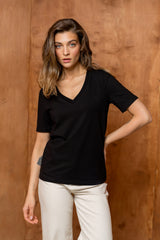 T-SHIRT BASIC BOPOCO NORMAL V-NECK CZARNY image 0
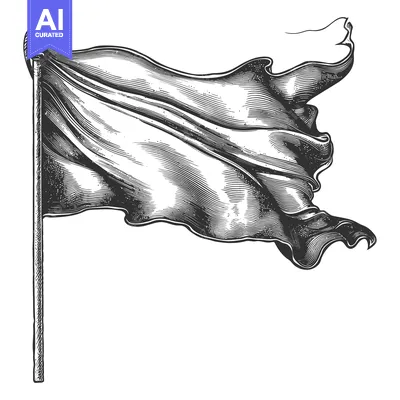 Aset premium populer: A Black and White Line Art Illustration of a Waving Flag on a Pole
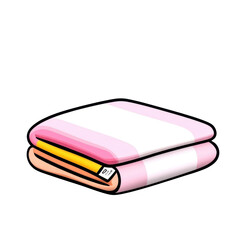 Soft Pink Blanket with Yellow Stripe and White Layered Design
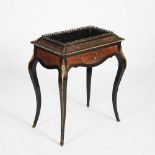 A 19th century boulle work, ebony and ormolu mounted jardiniere stand, the rectangular top with lift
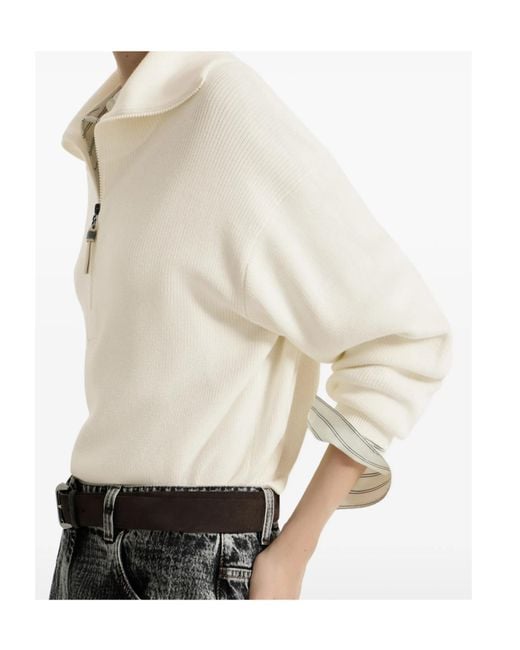 Brunello Cucinelli White Cotton Half-Zip Sweater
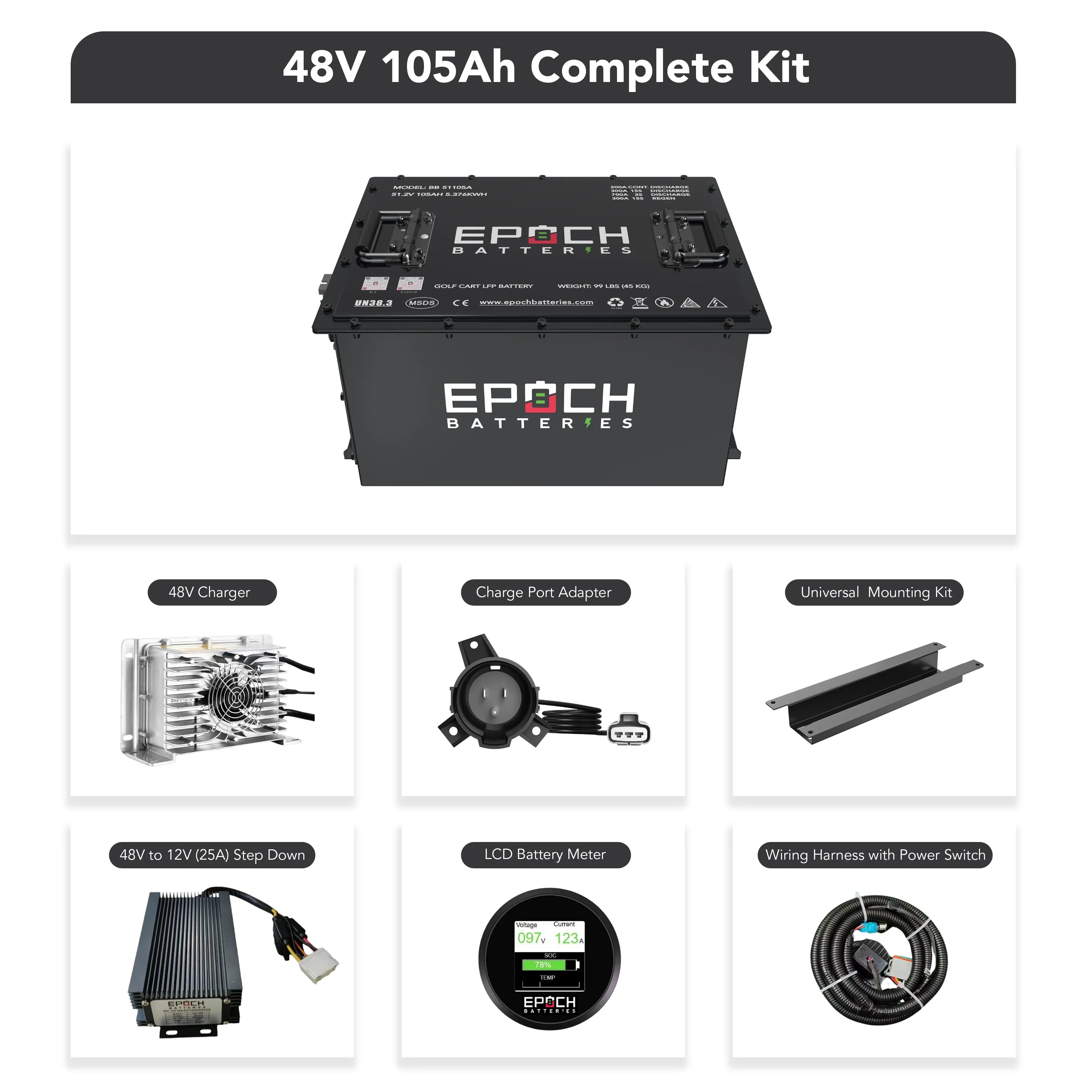 Epoch Batteries 48V 105Ah - LiMax Series - Lithium (LiFePO4) Golf Cart Battery - Complete Kit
--------------------
Assigned task —
Without including any pictures, output all the entries above exactly.

Output for this task —
 T-SHIRT BASIC BOPOCO NORMAL V-NECK CZARNY image 0
 Aset premium populer: A Black and White Line Art Illustration of a Waving Flag on a Pole
 Soft Pink Blanket with Yellow Stripe and White Layered Design
 A 19th century boulle work, ebony and ormolu mounted jardiniere stand, the rectangular top with lift
 Brunello Cucinelli White Cotton Half-Zip Sweater
 Epoch Batteries 48V 105Ah - LiMax Series - Lithium (LiFePO4) Golf Cart Battery - Complete Kit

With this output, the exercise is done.